Das schöne an Open Source Software ist ja, dass jeder seine eigene Wahl an Hand seiner eigenen Kriterien treffen kann. Wobei ich die angesprochenen Punkte grundsätzlich anders bewerte und gewichte.
Ja, die Hierarchien der Buchungskonten sind über id’s abgebildet. Das heisst aber nicht, dass zwischen anderen Objekten nicht aufwändigere Verlinkungen bestehen. Gerne einen Blick auf die ziemlich einzigartigen Funktionen des Moduls „Projekte“ werfen, das sich in der Praxis als extrem hilfreich erwiesen hat.
Abstraktion von Datenbankabfragen per ORM hat Vor- und Nachteile, für mich wäre es kein must have. Was die Sicherheit angeht: Das bestehende Bug-Bounty-Programm fördert nicht mehr viel Neues an Lücken zu Tage. Jeder neu committete Source-Code wird zudem einer zusätzlichen automatisierten Sicherheitsprüfung unterzogen. Und im laufenden Betrieb ist die Administrator-Ansicht von Dolibarr zu den detaillierten Sicherheitseinstellungen einschließlich konkreter Handlungsempfehlungen ziemlich einzigartig.
Zu Model und View: Wenn ich jedem Buchungskonto ein Icon zuordnen kann, muss ich den gewünschten Identifier des icons ja irgendwo in der Datenstruktur ablegen. Kann man sicher auch anders lösen, die genaue Umsetzung wäre jetzt nicht meine Prio.

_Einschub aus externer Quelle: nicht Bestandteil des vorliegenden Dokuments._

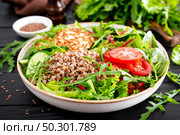 Lunch bowl with buckwheat porridge, fried chicken cutlets and fresh vegetable salad of arugula, lettuce, chard leaves, tomato, cucumber and flax seeds. Стоковое фото, агентство Ingram Publishing / Фотобанк Лори
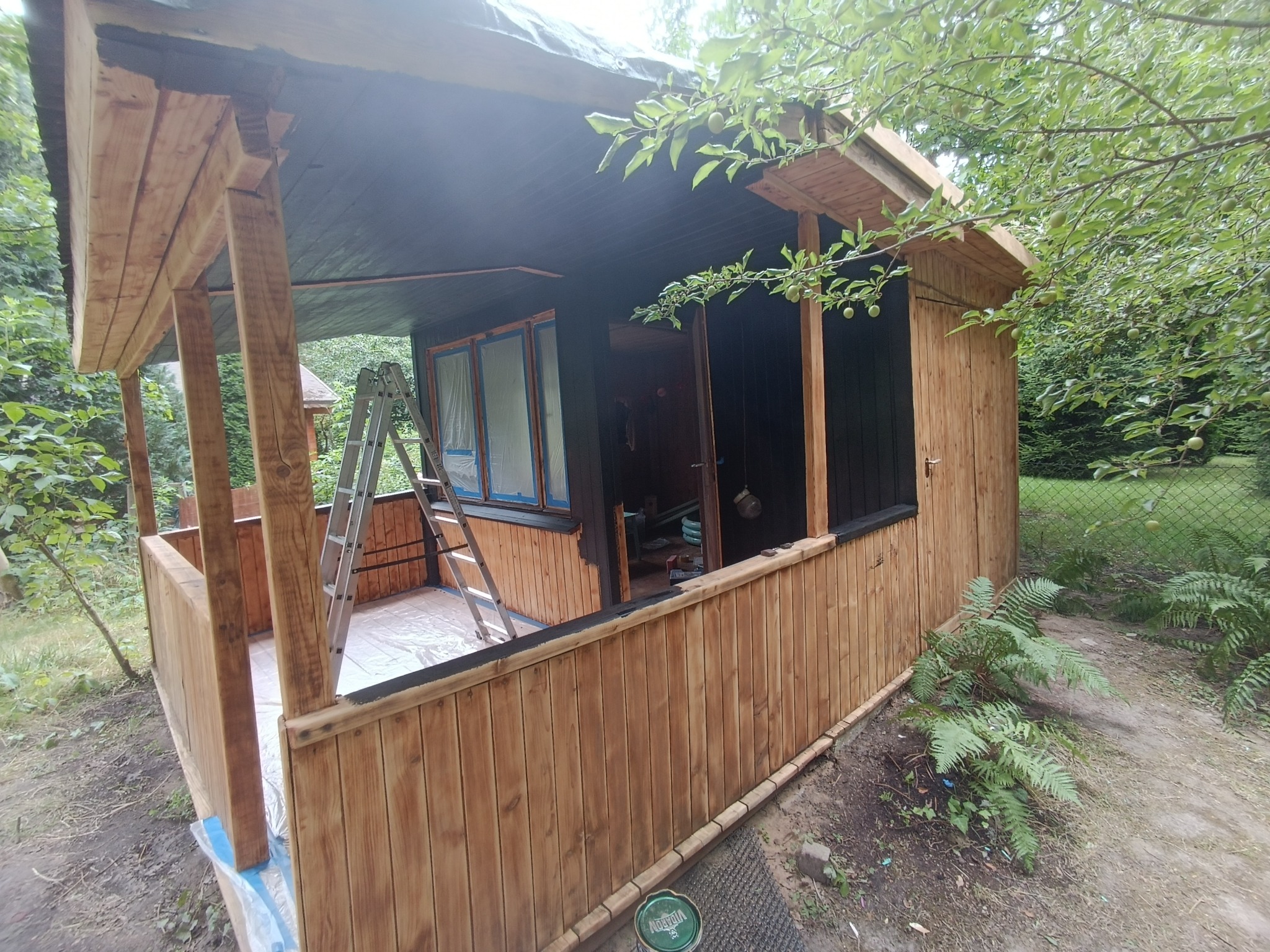 Malowanie drewnianej altany ogrodowej na czarno, widoczna drabina i zabezpieczona folią podłoga, otoczona zielenią.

Grundsätzlich finde ich persönlich Server-generierte html-Seiten, wie dies bei php-basierten Systemen der Fall ist, für ein ERP-System eine angemessene Technologie. Tryton nutzt den früheren/alternativen Ansatz des Fat/Rich Clients und hat dann irgendwann zusätzlich das Web-Frontend als quasi zweiten Client nachgelegt. Das sind zwei Clients, die zu pflegen sind und die Seiteninhalte müssen per XML und Templating erstellt werden, statt html zu nutzen. Kann man machen und je nach Vorerfahrung wird es da unterschiedliche Präferenzen geben.
Bei Tryton muss man sich halt an das etwas exotischere Tooling gewöhnen. Source-Verwaltung ist per Mercurial genauso gut möglich, wie mit Git, das aber viele Entwickler ohnehin beherrschen, ohne sich einarbeiten zu müssen. Von 16 Open Source ERP-Systemen ist Tryton zumindest das einzige, das auf Mercurial setzt.
Ansonsten kann man, wenn man strenge Source-Code-Regeln haben möchte, die sogar per Compiler geprüft werden, ja auch in Richtung Java schauen, und sich z.B. für Apache OfBiz entscheiden. Die Java-basierten Systeme haben dann nur u.a. den Nachteil, dass die Oberfläche entweder Swing-basiert ist und damit nicht/nur schwer auf einem Smartphone oder Tablet darstellbar ist. Oder es gibt einen JavaScript-basierten Client, der mit React oder Angular als Frameworks dann aber zusätzliche eigene Komplexitäten generiert.
Und noch etwas zur Modulerstellung: Mit dem in Dolibarr integrierten Modulgenerator, dem Konzept der Integration neuer Funktionen in das bestehende UI (z.B. mit zusätzlichen Tabs und Menüpunkten), dem System aus Hooks und Triggern und nicht zuletzt der einfachen Installation neuer Module per Knopfdruck ist Dolibarr m.M.n. bestens auf Erweiterbarkeit ausgerichtet. Ich wäre mir da nicht so sicher, dass der Anpassungsaufwand höher als bei den anderen Systemen ist - ganz im Gegenteil.
Am Ende zählen wie gesagt die persönlichen Präferenzen. Ich selbst habe bisher die meisten Erfahrungen mit Dolibarr gesammelt, auch wenn ich viele andere Systeme kenne. Es wäre daher interessant, später mal einen Erfahrungsbericht aus der Praxis zu bekommen, ob sich die Einschätzung geändert hat, nachdem das erste System installiert und das erst Modul entwickelt wurde. Am Ende kommt ein sportlicher Wettbewerb zwischen den Lösungen allen Open Source Systemen zugute.